--- Working data ---

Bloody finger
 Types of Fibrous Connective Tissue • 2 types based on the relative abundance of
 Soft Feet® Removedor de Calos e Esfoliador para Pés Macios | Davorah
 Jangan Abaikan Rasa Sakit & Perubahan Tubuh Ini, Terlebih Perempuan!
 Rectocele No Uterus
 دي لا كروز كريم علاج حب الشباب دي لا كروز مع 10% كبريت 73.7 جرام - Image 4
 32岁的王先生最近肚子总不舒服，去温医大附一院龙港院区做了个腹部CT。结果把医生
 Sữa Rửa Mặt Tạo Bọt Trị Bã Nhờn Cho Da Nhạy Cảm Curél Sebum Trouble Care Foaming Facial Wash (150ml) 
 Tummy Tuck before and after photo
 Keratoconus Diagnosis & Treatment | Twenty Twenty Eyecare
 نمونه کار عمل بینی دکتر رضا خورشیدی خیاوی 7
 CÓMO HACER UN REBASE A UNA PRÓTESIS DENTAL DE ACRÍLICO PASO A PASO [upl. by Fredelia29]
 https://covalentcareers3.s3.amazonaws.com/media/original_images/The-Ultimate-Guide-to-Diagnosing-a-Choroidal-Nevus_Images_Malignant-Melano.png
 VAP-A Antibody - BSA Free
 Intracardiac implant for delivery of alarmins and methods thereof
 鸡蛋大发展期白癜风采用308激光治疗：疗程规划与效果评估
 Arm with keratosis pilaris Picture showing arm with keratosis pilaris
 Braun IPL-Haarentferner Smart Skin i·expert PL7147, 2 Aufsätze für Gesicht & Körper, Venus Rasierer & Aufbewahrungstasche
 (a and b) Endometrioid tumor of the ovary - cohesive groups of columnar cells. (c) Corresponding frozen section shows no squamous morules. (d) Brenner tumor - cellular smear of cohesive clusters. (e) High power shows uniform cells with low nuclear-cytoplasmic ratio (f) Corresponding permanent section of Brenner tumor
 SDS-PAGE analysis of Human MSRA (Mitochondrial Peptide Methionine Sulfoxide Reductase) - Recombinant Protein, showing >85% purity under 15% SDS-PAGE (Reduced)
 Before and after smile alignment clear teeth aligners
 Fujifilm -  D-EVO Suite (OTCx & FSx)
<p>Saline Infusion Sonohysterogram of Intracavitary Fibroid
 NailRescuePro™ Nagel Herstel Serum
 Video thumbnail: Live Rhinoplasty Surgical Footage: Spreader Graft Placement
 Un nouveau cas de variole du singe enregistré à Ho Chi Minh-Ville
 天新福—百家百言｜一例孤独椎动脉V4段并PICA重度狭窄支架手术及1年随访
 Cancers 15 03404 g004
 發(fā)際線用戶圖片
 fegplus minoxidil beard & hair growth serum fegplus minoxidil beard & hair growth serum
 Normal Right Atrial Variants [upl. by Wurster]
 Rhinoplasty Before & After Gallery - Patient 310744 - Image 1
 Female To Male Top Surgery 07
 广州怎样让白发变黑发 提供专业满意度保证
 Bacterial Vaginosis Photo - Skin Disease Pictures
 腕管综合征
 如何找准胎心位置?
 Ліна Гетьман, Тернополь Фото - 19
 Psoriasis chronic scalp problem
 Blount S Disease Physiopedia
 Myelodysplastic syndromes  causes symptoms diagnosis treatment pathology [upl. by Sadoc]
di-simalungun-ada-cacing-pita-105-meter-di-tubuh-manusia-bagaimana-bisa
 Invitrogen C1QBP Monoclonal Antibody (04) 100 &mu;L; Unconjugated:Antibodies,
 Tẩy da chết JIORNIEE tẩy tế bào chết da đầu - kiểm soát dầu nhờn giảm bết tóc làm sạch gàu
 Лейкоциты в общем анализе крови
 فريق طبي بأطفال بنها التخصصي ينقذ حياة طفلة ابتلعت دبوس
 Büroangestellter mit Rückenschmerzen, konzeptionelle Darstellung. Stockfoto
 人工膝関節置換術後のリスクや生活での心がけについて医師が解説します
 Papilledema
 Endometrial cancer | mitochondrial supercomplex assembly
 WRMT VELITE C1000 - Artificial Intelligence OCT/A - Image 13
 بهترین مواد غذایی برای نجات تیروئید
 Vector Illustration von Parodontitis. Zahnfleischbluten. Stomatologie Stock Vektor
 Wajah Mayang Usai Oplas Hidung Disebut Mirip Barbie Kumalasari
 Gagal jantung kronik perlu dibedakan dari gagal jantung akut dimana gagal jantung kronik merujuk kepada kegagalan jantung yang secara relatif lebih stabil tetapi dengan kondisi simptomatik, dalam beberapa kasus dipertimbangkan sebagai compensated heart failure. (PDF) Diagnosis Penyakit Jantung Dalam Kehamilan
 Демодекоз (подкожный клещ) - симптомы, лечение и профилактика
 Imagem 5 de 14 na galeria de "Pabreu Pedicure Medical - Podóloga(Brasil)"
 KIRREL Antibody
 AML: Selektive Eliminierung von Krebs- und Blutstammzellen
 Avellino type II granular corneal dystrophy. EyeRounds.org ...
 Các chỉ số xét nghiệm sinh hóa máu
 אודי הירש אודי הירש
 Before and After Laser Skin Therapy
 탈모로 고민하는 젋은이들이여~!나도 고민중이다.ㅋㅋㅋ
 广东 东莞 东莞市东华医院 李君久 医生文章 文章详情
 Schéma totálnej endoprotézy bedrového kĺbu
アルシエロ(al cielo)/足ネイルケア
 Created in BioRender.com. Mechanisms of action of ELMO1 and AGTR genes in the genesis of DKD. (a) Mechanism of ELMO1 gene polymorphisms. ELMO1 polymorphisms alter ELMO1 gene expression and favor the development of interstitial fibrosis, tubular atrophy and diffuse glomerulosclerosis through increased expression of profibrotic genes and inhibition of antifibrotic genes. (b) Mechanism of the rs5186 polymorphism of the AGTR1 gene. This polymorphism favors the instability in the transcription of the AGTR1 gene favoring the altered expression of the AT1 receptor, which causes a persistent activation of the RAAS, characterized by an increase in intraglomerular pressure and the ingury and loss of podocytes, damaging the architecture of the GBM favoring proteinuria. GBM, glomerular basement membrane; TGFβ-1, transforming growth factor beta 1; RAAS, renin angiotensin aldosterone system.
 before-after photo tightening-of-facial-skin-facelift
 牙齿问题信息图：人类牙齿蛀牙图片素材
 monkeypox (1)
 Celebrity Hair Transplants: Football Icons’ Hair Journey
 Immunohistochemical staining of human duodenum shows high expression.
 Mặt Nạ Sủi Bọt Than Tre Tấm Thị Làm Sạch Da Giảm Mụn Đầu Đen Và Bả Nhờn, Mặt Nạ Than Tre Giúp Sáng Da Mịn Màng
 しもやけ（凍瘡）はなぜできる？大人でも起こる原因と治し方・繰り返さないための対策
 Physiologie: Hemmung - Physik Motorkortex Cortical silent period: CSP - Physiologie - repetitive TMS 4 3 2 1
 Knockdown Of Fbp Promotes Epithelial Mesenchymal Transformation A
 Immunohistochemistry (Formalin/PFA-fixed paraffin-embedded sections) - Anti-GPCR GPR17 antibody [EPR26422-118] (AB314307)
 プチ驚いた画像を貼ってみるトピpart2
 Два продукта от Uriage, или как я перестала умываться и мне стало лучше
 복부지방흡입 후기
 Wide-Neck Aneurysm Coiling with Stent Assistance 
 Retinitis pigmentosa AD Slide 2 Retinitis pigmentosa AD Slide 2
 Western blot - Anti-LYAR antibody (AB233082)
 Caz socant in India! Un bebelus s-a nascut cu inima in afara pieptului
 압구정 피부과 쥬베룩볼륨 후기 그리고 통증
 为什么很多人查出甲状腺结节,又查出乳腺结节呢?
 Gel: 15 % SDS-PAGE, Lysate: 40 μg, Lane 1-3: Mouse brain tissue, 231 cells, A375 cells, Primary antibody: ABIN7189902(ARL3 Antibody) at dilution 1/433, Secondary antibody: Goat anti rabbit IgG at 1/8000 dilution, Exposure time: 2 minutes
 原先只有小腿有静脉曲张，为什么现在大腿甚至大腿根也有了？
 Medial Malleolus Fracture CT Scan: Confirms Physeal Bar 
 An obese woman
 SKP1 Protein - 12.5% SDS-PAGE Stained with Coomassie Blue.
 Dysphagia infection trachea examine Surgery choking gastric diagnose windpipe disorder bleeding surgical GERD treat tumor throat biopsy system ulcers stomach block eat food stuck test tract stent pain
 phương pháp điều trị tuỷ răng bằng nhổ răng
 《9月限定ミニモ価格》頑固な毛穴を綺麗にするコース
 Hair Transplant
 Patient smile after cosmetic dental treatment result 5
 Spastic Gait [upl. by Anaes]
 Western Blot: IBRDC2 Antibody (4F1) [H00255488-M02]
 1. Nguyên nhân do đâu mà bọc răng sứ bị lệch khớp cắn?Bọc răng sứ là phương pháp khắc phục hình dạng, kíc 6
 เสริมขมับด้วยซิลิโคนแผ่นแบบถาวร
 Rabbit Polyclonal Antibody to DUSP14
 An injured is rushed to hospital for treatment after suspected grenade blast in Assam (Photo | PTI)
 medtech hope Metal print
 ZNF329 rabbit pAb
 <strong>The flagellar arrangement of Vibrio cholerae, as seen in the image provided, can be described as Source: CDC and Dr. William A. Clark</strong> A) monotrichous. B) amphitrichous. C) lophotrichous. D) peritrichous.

---

Assigned task
Copy out the range of lines above starting at the line with "Retinitis pigmentosa AD Slide 2 Retinitis" and ending at the line with "为什么很多人查出甲状腺结节,又查出乳腺结节呢?", exactly and including both.

Written solution
 Retinitis pigmentosa AD Slide 2 Retinitis pigmentosa AD Slide 2
 Western blot - Anti-LYAR antibody (AB233082)
 Caz socant in India! Un bebelus s-a nascut cu inima in afara pieptului
 압구정 피부과 쥬베룩볼륨 후기 그리고 통증
 为什么很多人查出甲状腺结节,又查出乳腺结节呢?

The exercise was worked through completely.